Yes, you are allowed to do it the obvious way!

No, under what conditions is a matrix diagonalizable?

 

[D H]

A = [ 1 1 ]
[ 0 k ]

The Attempt at a Solution

let L = lamba = eigenvalue

I did this:
det(A - LI) = L² - Lk - L + k

Why did you do that? To get to that expression you had to expand (1-L)*(k-L)=0. There is no need to use the quadratic form when you already have a factorization. You can instead directly read the solutions L from (1-L)*(k-L)=0.

How do the eigenvalues indicate whether a matrix is diagonalizable?

 

[Hurkyl]

I'm not sure how or what to conclude about matrix A being diagonalizable for all real values of k.
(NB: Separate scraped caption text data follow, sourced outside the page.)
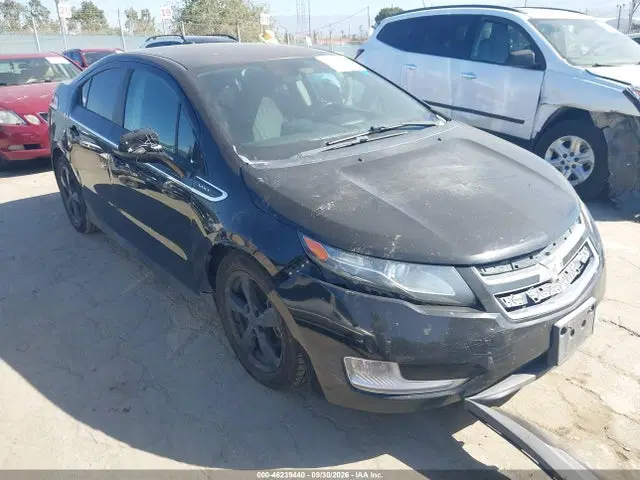 1G1RE6E42EU159487 — 2014 Chevrolet Volt, Естественный износ, фото до ремонта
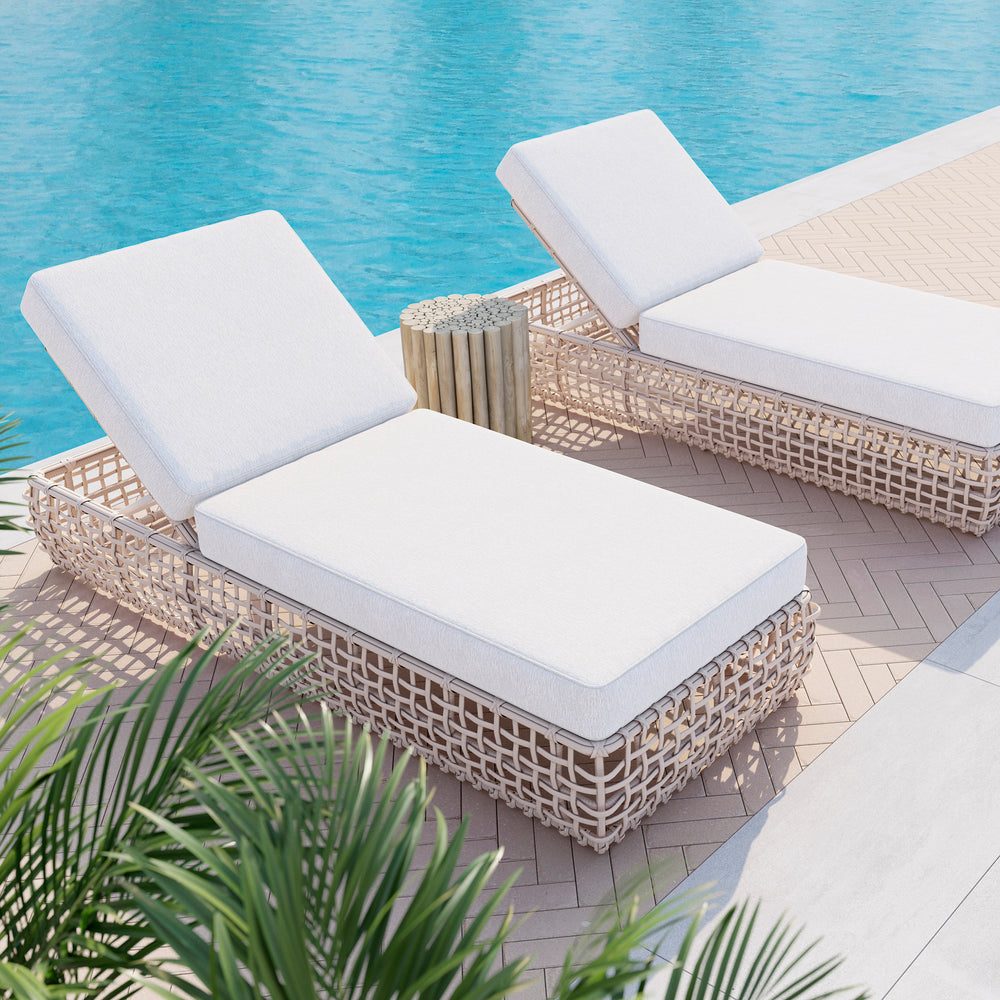 Kiawah Outdoor Lounge Chair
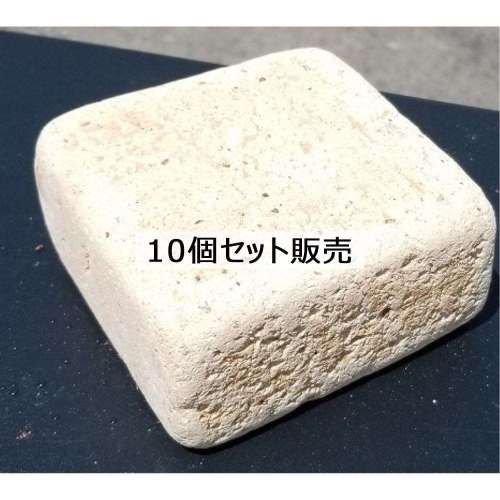 ハーフブリックコボル　クリーム　×１０セット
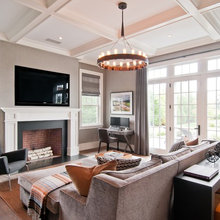 family room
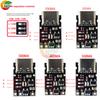 Charging Module Battery Charging Board with Battery Protection BMS 5V Type-C Lithium Battery Charge Module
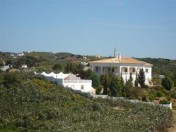 Charming 3 bedroom villa in the hills behind Tavira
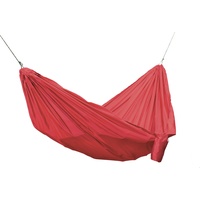 Exped Travel Hammock Kit (Größe One Size, rot)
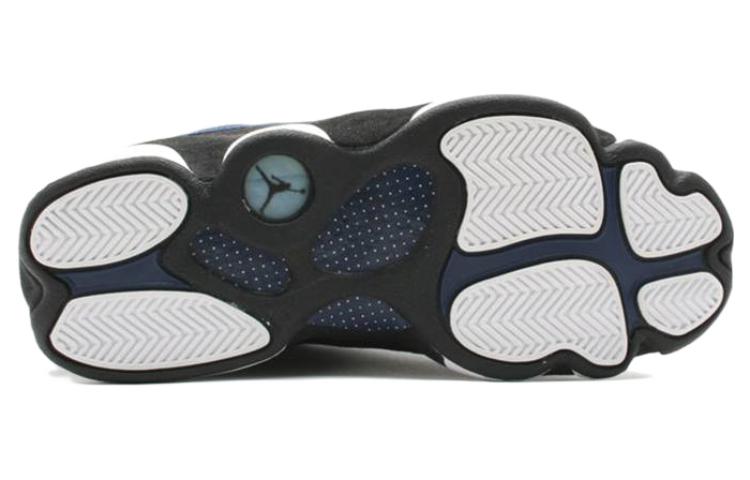 Air Jordan 13 OG Low 'Brave Blue' 1998 136008-441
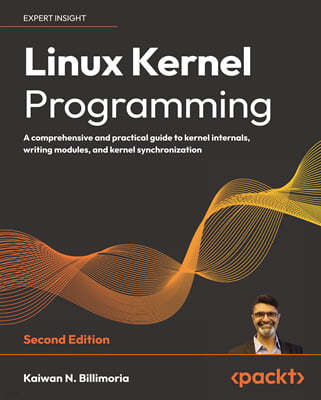 Linux Kernel Programming, 2/Ed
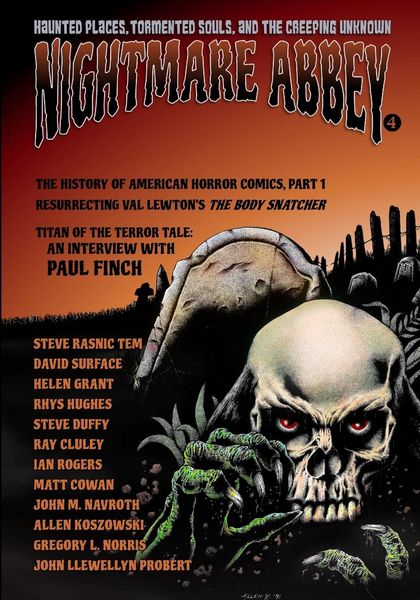 Produktbild: Nightmare Abbey 4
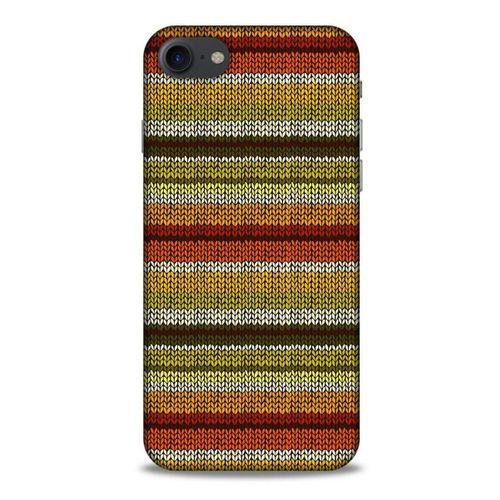 Kazak (4) Desenli Silikon Kapak Apple Iphone 7 Kılıf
The most straightforward way is to actually perform the diagonalization procedure A. Make sure you divide into cases where appropriate: for example, if you would divide by k, then you need to split the problem into two cases: one where k is nonzero, and then handle the case where k is zero separately.

In one (or more) cases, the diagonalization procedure will fail. Then you'll have your answer.


This is standard fare -- the simplest response to "when can't you do X" is to actually do X, and see what obstacles impede your progress.